Cosmonaut Valery Polkayov looks out the Russian space station Mir's window during his record setting 438 day mission. (NASA)

Over the course of almost 12 years of permanent human presence aboard the station, scientists and researchers have gained valuable, and often surprising, data on the effects of weightlessness on bone density, muscle mass, strength, vision and other aspects of human physiology. This yearlong stay will allow for greater analysis of these effects and trends.

The extended expedition will also serve as a testbed for future exploration technologies, NASA says, though what those are is still to be revealed.

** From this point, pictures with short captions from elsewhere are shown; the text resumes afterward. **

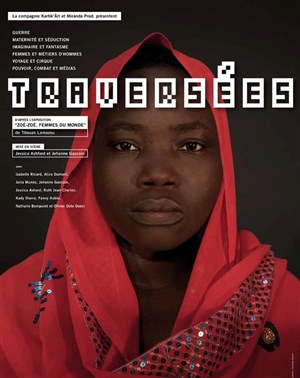 Affiche de Traversées
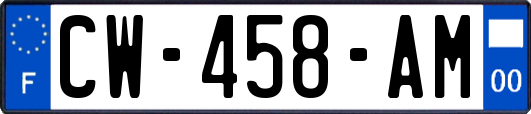 CW-458-AM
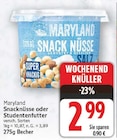 Snacknüsse von Maryland im aktuellen E center Prospekt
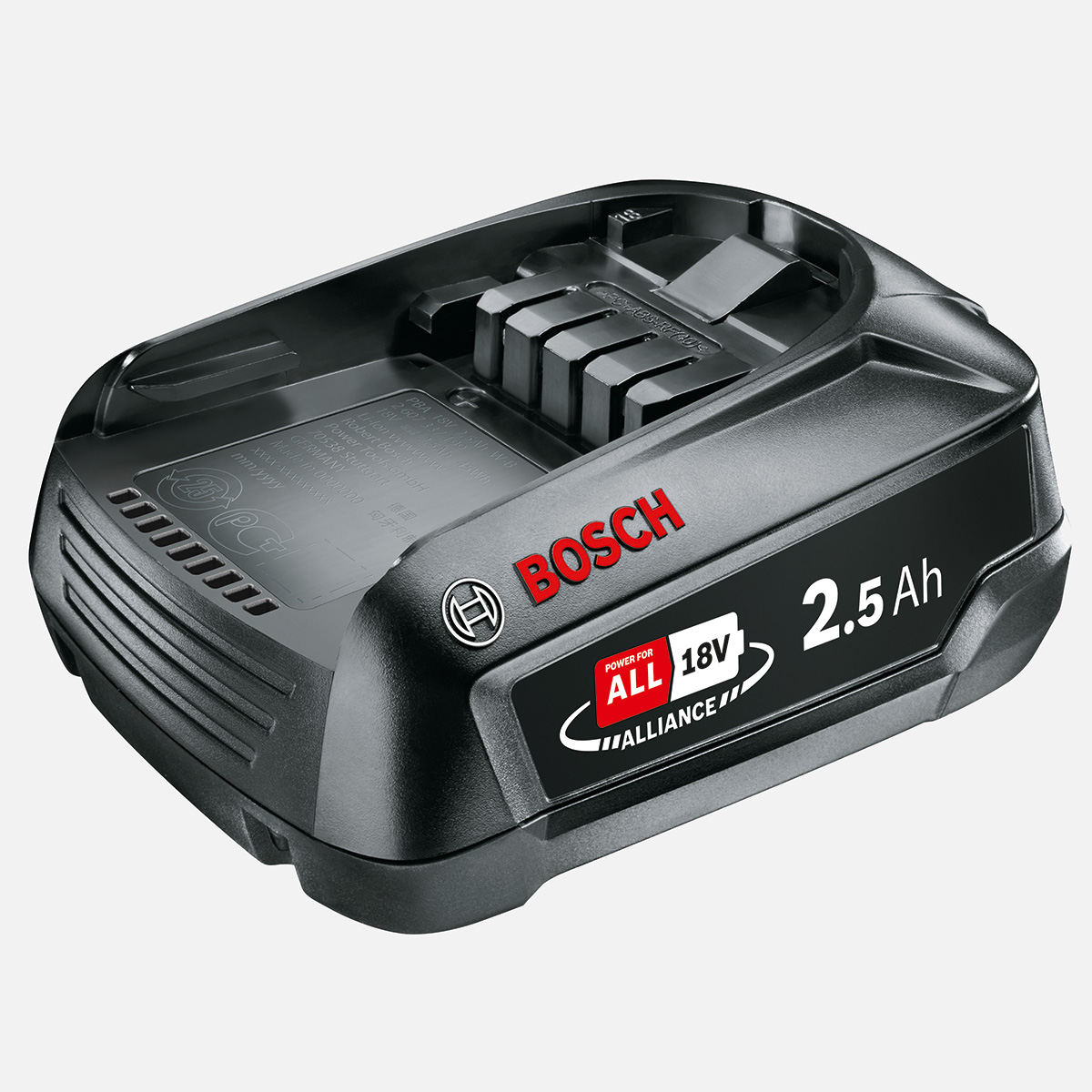 Bosch PBA 18V 2 5Ah W B Akü Bauhaus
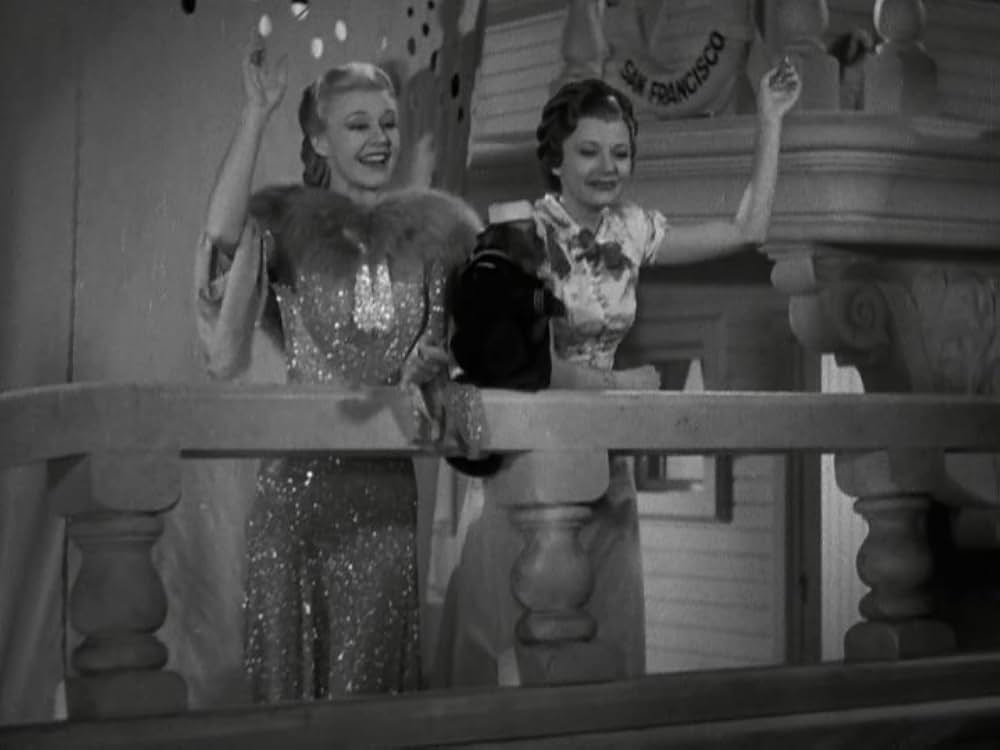 艦隊を追っての画像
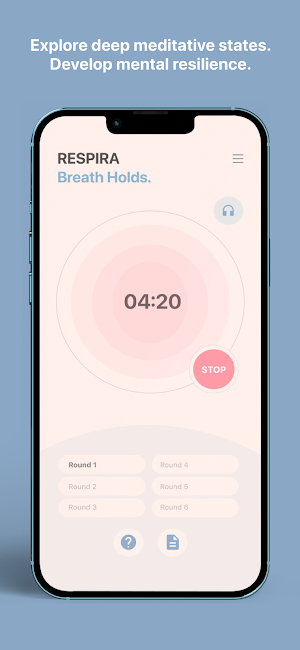 RESPIRA Breathwork screenshot 6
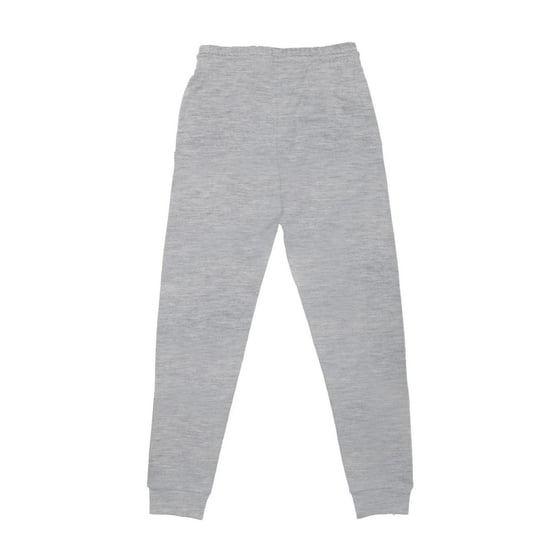 Aquascutum Heren Logo Tapered Leg Slim Joggers (Grijs) - Image 2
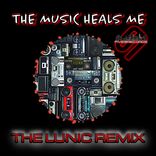 Artwork for "The Music Heals Me"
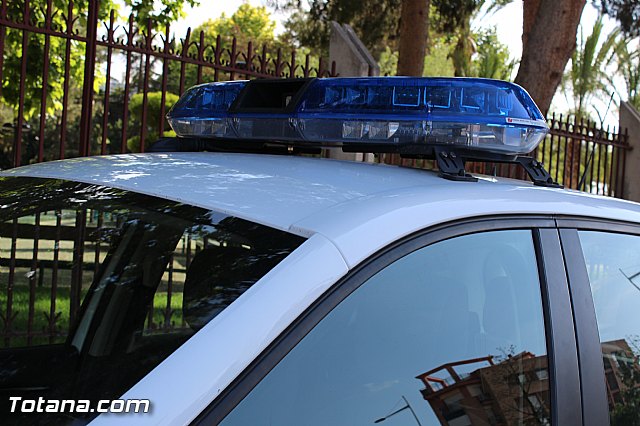 Cuerpos y Fuerzas de Seguridad y Emergencias de Totana 2015 - 21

Also still to be announced are who the crew members will be, on what specific Soyuz flight they will launch and land, and how their stay will effect the schedules for the space station's other four six-month stay crew members. Since stepping down as NASA's chief astronaut in July, Peggy Whitson has been rumored as a potential candidate for the U.S. assignment.

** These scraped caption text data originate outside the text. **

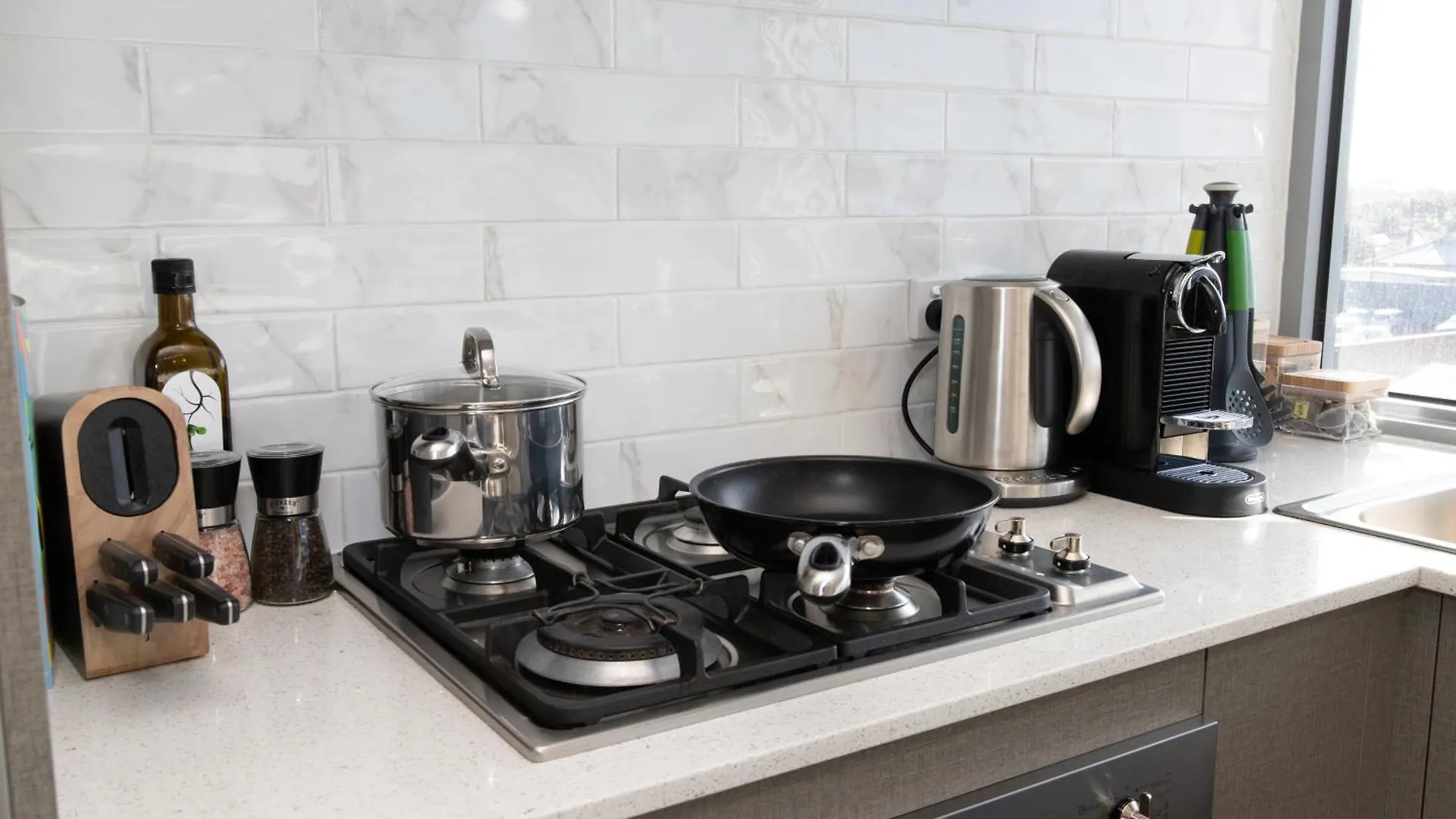 Hilton Executive Apartments Adelaide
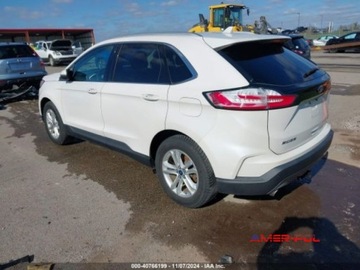 Ford Edge II 2019 Ford Edge 2019 r., 2,0L SEL 4x4 2.0 Benzyna 250KM, zdjęcie 3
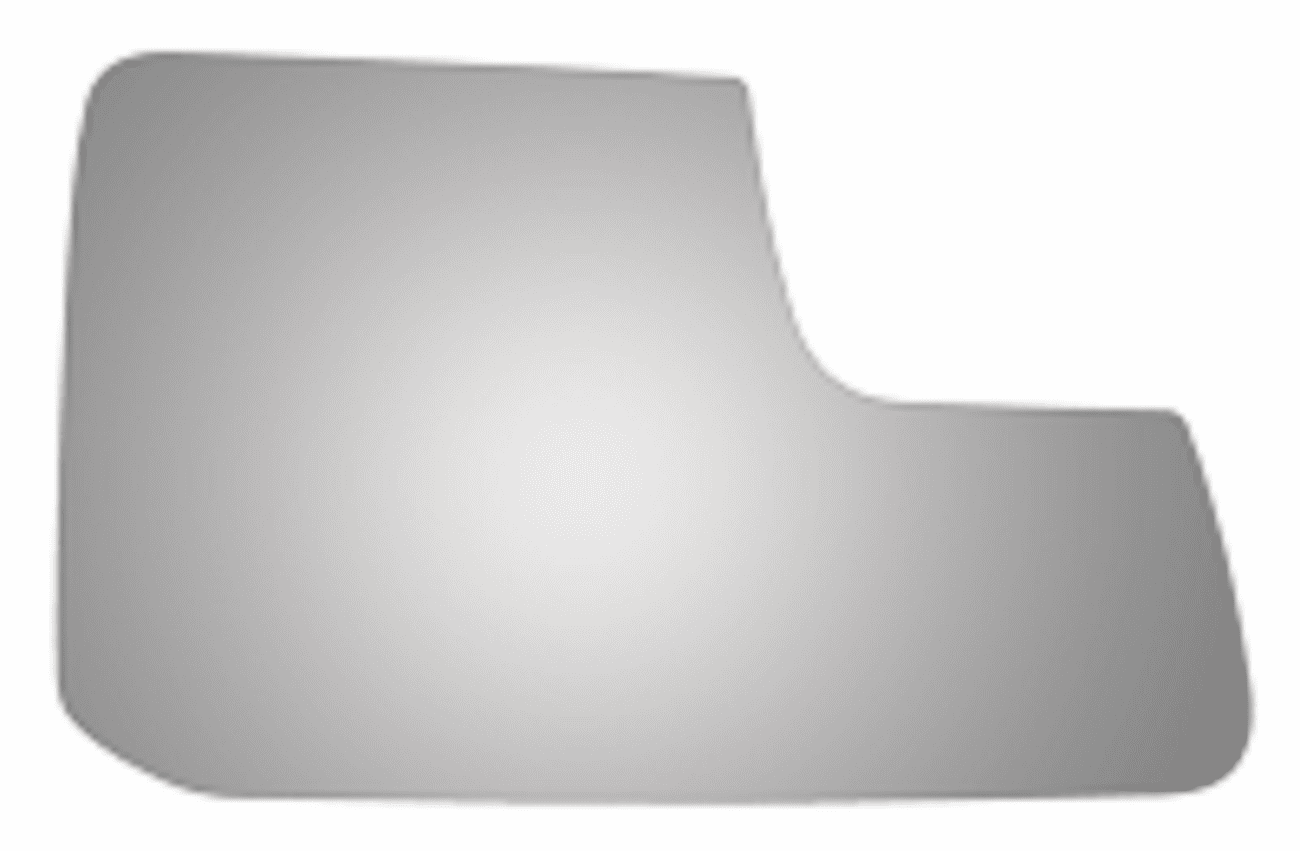 Ford Edge 2011 Passenger Side Mirror Glass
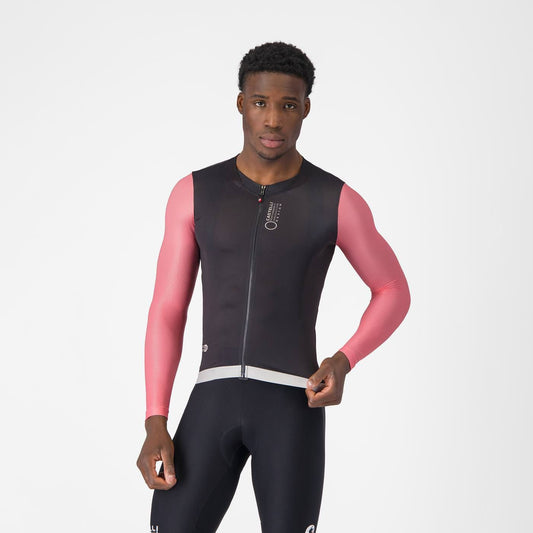 Castelli Men's Castelli Corretto LS Jersey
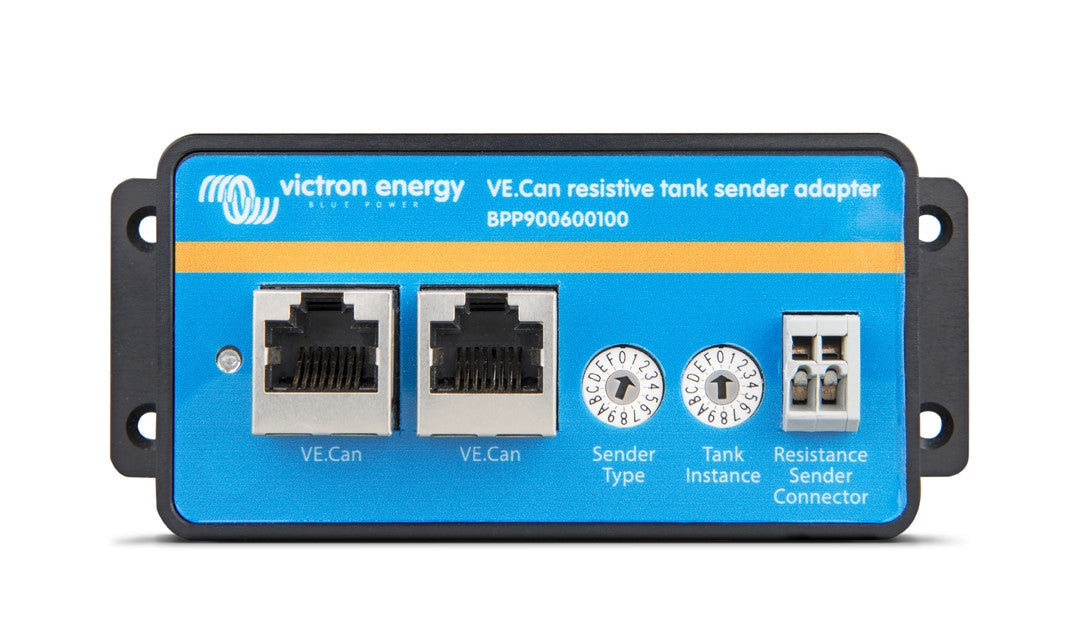 Adaptateur émetteur de réservoir résistif VE.Can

The logistics involved in staging the yearlong mission are expected to open as many as two additional seats to fly to the orbiting complex, which Russia may sell to spaceflight participants, or so-called "space tourists."

Space Adventures, the U.S. company that has facilitated the flights for all seven individuals who self-funded visits to the space station between 2001 and 2009, has a press conference scheduled for Oct. 10 in Moscow to announce a "groundbreaking" spaceflight development with recording artist Sarah Brightman.

While this will be the first yearlong expedition aboard the International Space Station, the two crew members will not be the first space travelers to spend a year orbiting the Earth. In December 1988, cosmonauts Vladimir Titov and Musa Manarov became the first to log 365 consecutive days in space during their stay on the Russian Mir station.

Cosmonaut Valery Polyakov broke their record living on board the Mir from January 1994 until March 1995 for 438 days off the planet. Three years later, cosmonaut Sergei Avdeyev lived on Mir for 380 days, between August 1998 and August 1999.